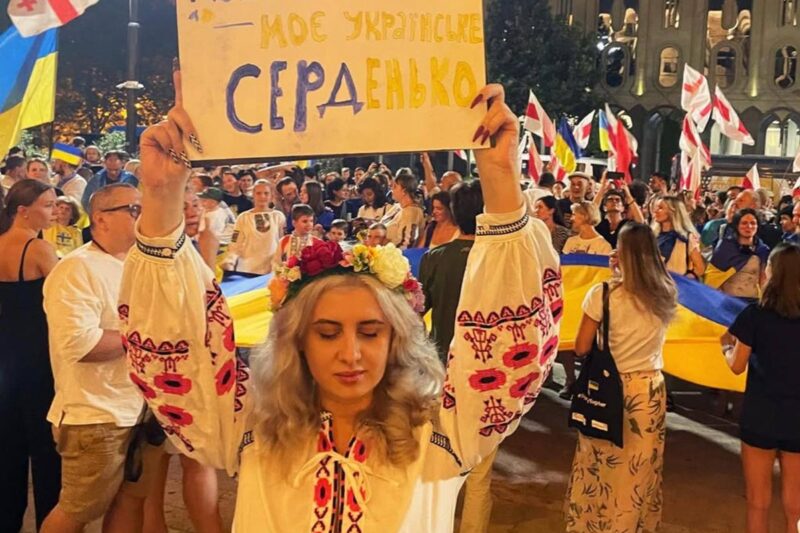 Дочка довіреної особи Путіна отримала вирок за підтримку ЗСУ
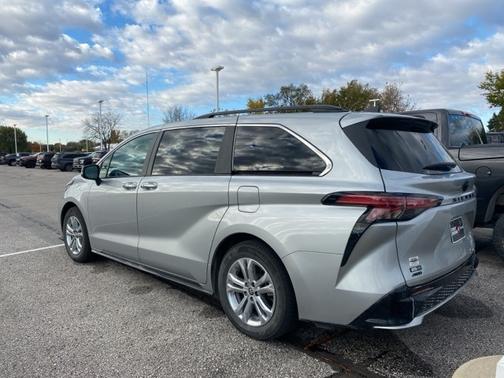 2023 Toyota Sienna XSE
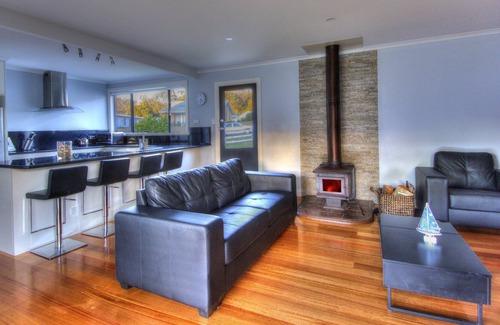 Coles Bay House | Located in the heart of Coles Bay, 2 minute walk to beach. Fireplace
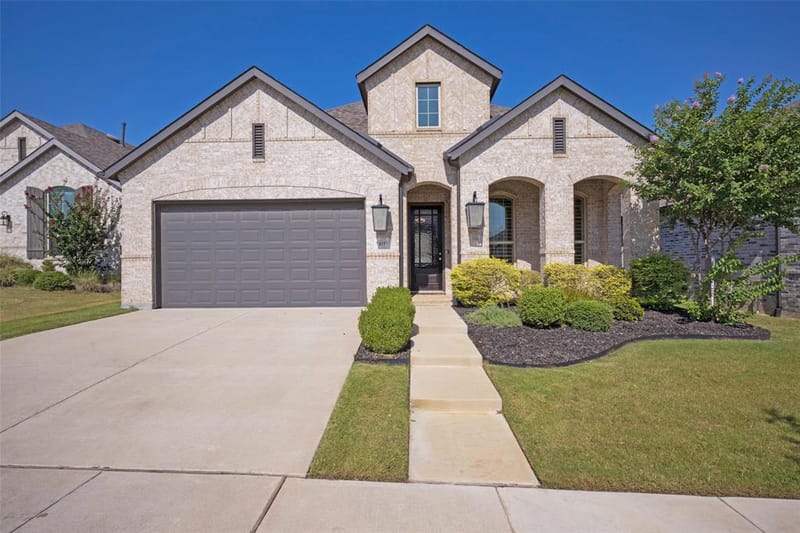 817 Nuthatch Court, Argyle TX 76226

----

The whole listing should be restated word for word, with no pictures.

WRITTEN RESPONSE:
 Дочка довіреної особи Путіна отримала вирок за підтримку ЗСУ
 2023 Toyota Sienna XSE
 Coles Bay House | Located in the heart of Coles Bay, 2 minute walk to beach. Fireplace
 817 Nuthatch Court, Argyle TX 76226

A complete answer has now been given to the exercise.